(Beginning of INFORMATION PROVIDED)

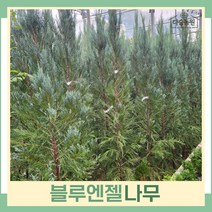 블루엔젤나무 묘목 삽목1년생 포트묘 3개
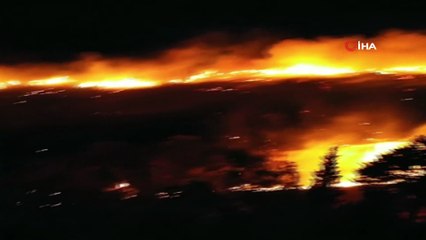 İzmir’de otluk alanda çıkan yangın kontrol altında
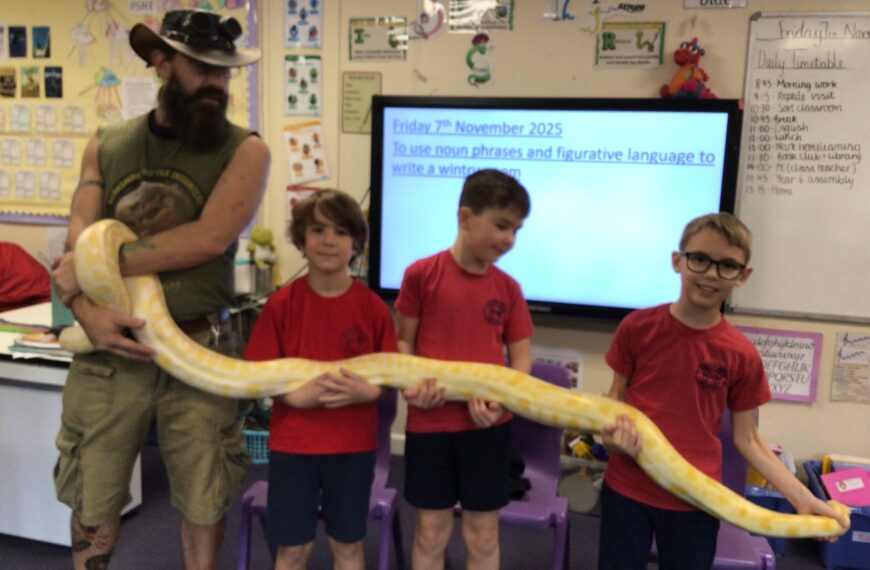 Reptiles Visit Our Class!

(End of INFORMATION PROVIDED)

Starting with the line that contains "İzmir’de otluk alanda", reproduce every line to the end of the material above, both end lines included, exactly and with no pictures.

 İzmir’de otluk alanda çıkan yangın kontrol altında
 Reptiles Visit Our Class!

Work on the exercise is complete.